De Cayetano Ripoll, último ajusticiado por la Inquisición
por Luis Antequera
Conmemoramos hoy una curiosa, -y triste-, efeméride cual es la del último ajusticiado por el Tribunal de la Santa Inquisición en España, el valenciano Cayetano Ripoll, ejecutado el día 31 de julio del año 1826, hace hoy, por lo tanto, 184 años.
La ejecución del deísta valenciano fue producto de un cúmulo de desgraciadas circunstancias que nunca debieron producirse. En primer lugar, para cuando Ripoll es ejecutado, la Inquisición había sido ya abolida tres veces en España, y apenas habían de pasar ocho años más para que lo fuera por cuarta y última vez.

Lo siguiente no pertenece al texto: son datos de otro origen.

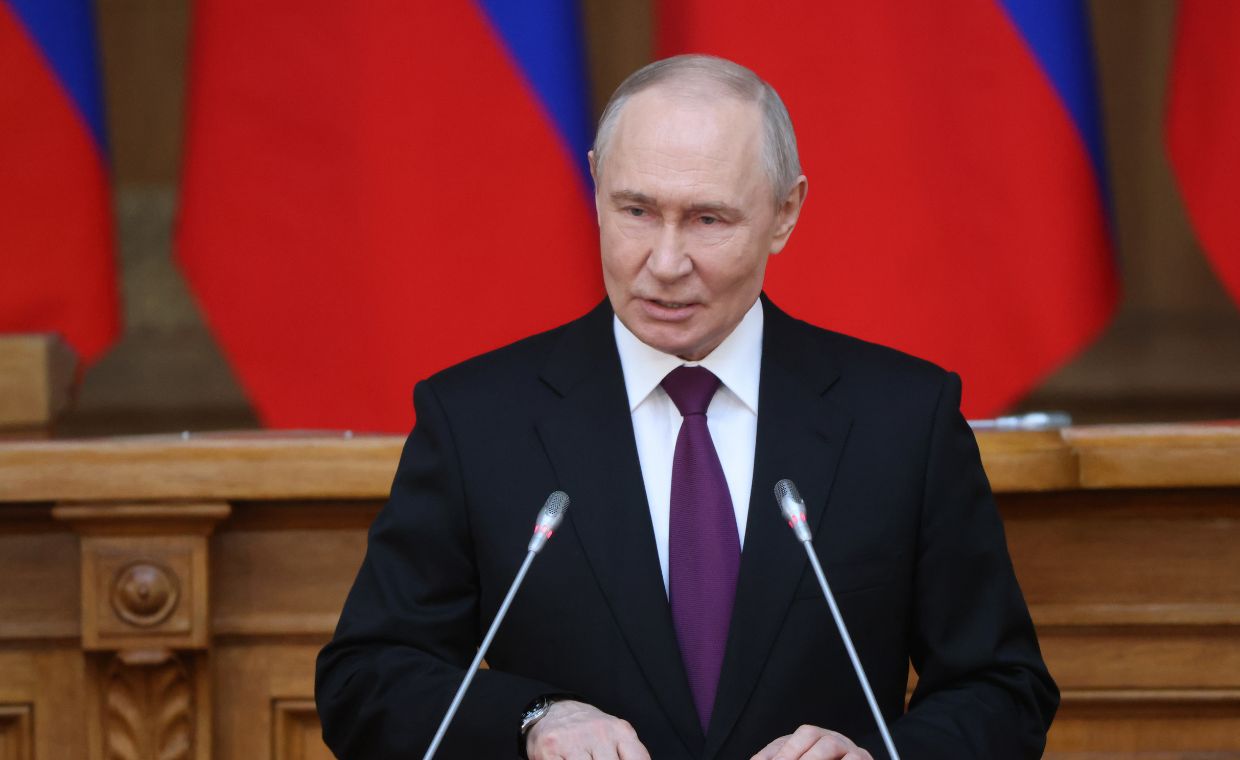 Putin wskazał go na mediatora. Niemcy odpowiadają ws. Schroedera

La primera abolición se la debemos a José Bonaparte, que la realizó de manera implícita, sin mención expresa al tribunal, ordenando en el artículo 98 de la Constitución de Bayona que otorgó al pueblo español, lo siguiente:
“La justicia se administrará en nombre del rey, por juzgados y tribunales que él mismo establecerá. Por tanto los tribunales que tienen atribuciones especiales, y todas las justicias de abadengo, órdenes y señorías quedan suprimidas”.
Sin haber sido reinstaurado, se abole por segunda vez mediante el Decreto de 22 de febrero de 1813 de título suficiente expresivo, Abolición de la Inquisición, establecimiento de los tribunales protectores de la fe, el cual, aunque proclama que “el Tribunal de la Inquisición es incompatible con la Constitución”, -se refiere a la Constitución de 1812, la primera autootorgada de nuestra historia- lo único que hace, en realidad, es trasladar la todavía importantísima función de la protección de la fe del ámbito eclesiástico al ámbito estatal.
Pero “la Pepa” como se conoce la Constitución de 1812 por haber sido aprobada un 19 de marzo, y la mucha legislación que propicia, tiene corta vida, pues apenas dos años después de aprobada, en 1814, el nefasto rey Fernando VII la deroga, restaura el Antiguo régimen y con él, el santo tribunal. Éste es re-abolido el 9 de marzo de 1820, esta vez por el Gobierno constitucional del Trienio Liberal. Y nuevamente reinstaurado en 1823, coincidiendo con la invasión de España por los Cien mil hijos de San Luis al mando del Duque de Angulema y la restitución del Antiguo régimen.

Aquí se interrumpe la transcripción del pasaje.